“I Don’t Have to Show You No Stinking Badges!” can be viewed as a departure, if not an evolutionary step, in both the career of Luis Valdez and the development of American drama by and about ethnic minorities.
Since 1965, when he founded the Teatro Campesino, a California theater group that grew out of the United Farmworkers’ struggle, most of Valdez’s plays can be classified as social protests. His earliest plays were agitprop pieces that championed the economic causes of Chicanos. Such plays bear the tenor of such works as Clifford Odets’s Waiting for Lefty (pr., pb. 1935). He followed these strident pieces with longer works that sought to present a fuller and deeper reality of the Chicano experience in America. In The Shrunken Head of Pancho Villa (pr. 1965, pb. 1967), Valdez depicts the conflict between two brothers, one an assimilationist and the other a pachuco. He attempts the construction of a personal Mexican mythology in Bernabé (pr. 1970, pb. 1976), and in his best-known play, Zoot Suit (pr. 1978, pb. 1992), he renders vital and visible the Chicano subculture. Each of Valdez’s plays stand as part of a larger historical project in which the playwright seeks to force upon the American consciousness an awareness of the Chicano experience and in so doing to write an American history that is more “real.”
“I Don’t Have to Show You No Stinking Badges!” is also an ahistorical work that presents another cause of the historical invisibility and marginality of Chicanos: a televisionized American culture that acts as a maw into which all ethnic identity falls.

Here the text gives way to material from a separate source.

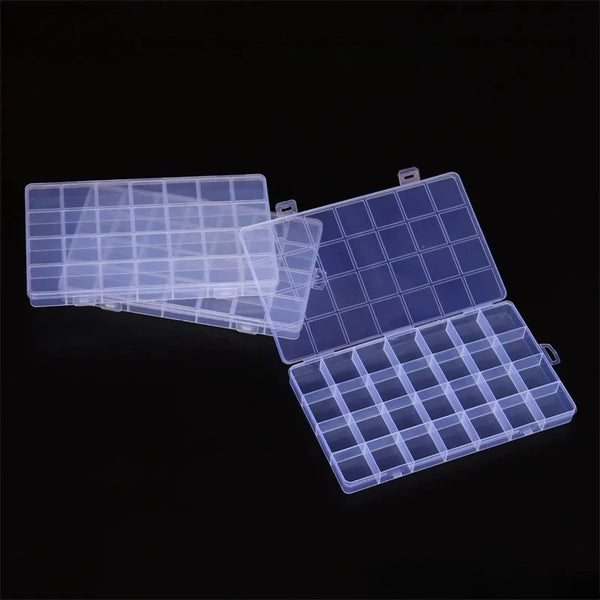 A transparent grid storage box for jewelry and beads, shown in various configurations.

Members of the Villa family are cut off from their ancestral heritage, and more than this, they have cut themselves off from their past by their tacit acceptance of Hollywood’s images of them. Thus, the play becomes a complement to Valdez’s historical project. Whereas before he sought to inscribe history in his plays, here he has advanced to a causal analysis of why such history has never been written. This play shows that the writing of history is first and foremost a personal responsibility, which the “New Americans” in the Villa family are yet incapable of discharging.